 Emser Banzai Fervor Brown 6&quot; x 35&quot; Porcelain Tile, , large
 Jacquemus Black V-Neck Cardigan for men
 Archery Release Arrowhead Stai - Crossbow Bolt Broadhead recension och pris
--
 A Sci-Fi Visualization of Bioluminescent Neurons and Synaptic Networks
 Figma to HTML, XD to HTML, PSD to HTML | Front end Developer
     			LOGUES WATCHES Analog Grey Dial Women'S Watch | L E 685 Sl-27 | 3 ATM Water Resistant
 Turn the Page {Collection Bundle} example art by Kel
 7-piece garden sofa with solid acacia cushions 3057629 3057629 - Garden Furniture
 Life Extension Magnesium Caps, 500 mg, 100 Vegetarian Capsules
...
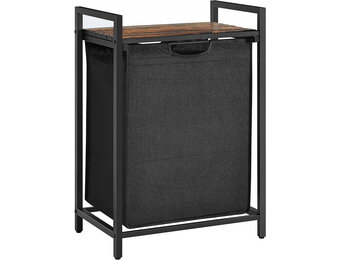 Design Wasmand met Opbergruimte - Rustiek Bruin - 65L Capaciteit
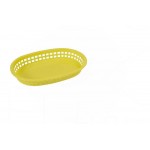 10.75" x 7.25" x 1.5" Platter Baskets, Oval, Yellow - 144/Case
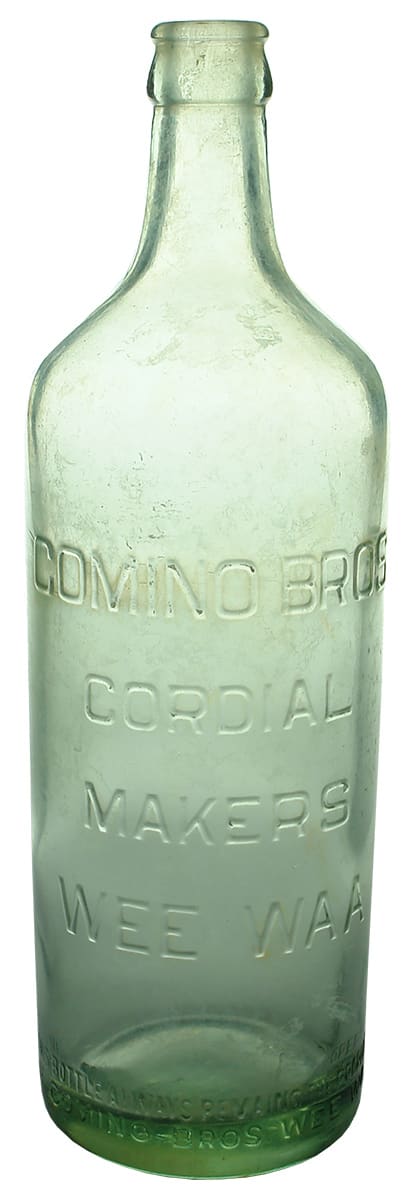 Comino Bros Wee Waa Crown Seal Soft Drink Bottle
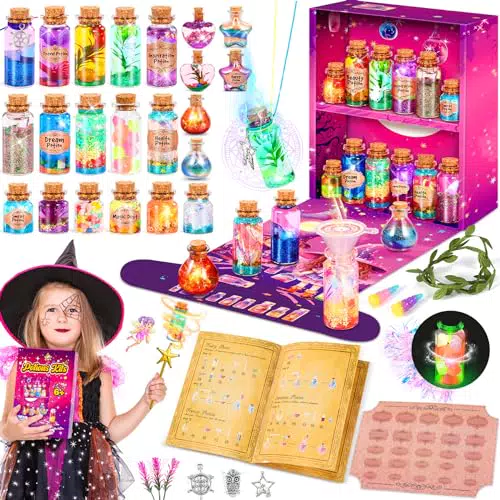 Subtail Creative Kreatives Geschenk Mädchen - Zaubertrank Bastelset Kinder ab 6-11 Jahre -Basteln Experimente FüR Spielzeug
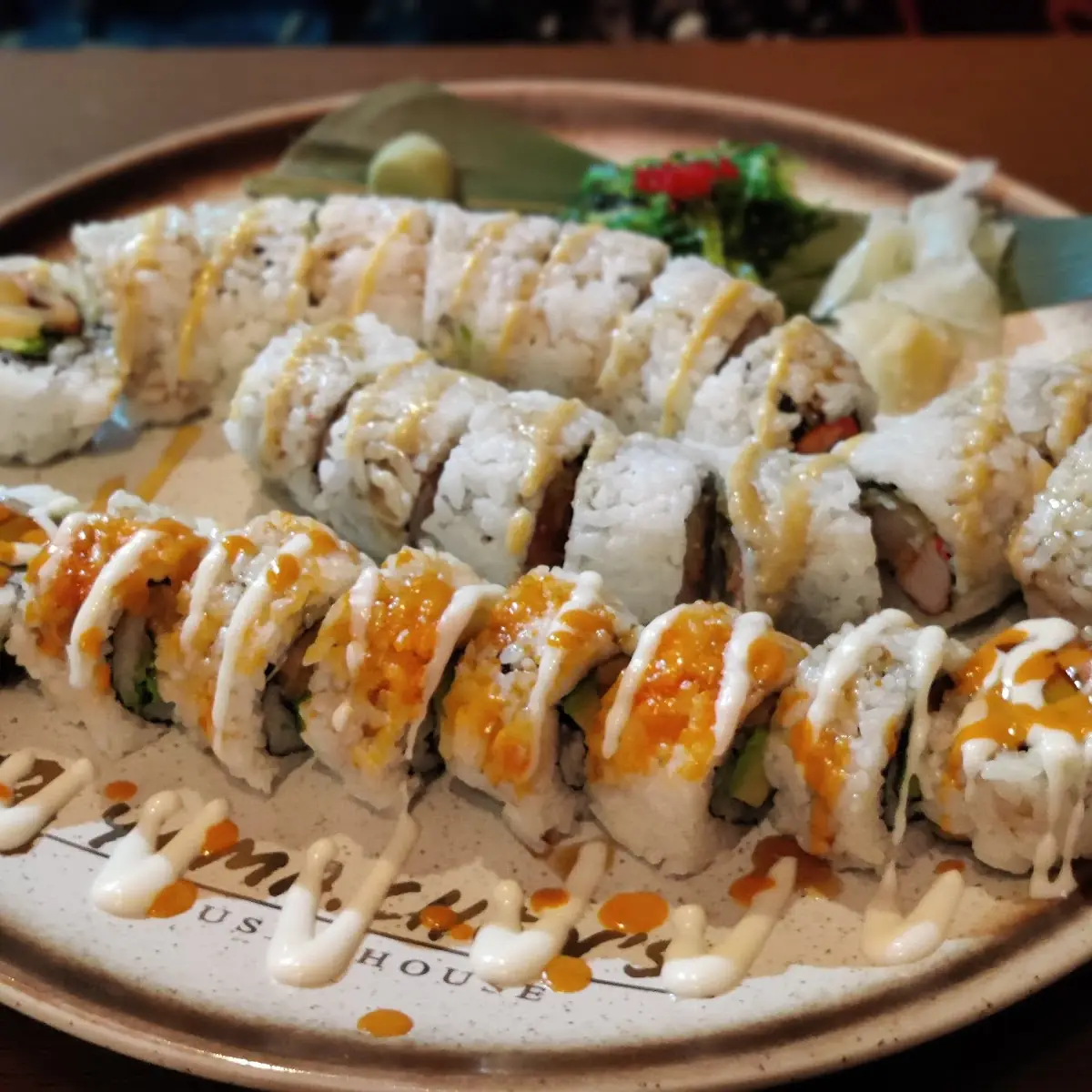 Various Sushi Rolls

▶ _EXERCISE GOAL_: Using the entries above, output exactly the lines between the line holding "Jacquemus Black V-Neck Cardigan for men" and the line holding "Archery Release Arrowhead", end lines included, and nothing more.

▶ _RESULT OF THE TASK_:
 Jacquemus Black V-Neck Cardigan for men
 Archery Release Arrowhead Stai - Crossbow Bolt Broadhead recension och pris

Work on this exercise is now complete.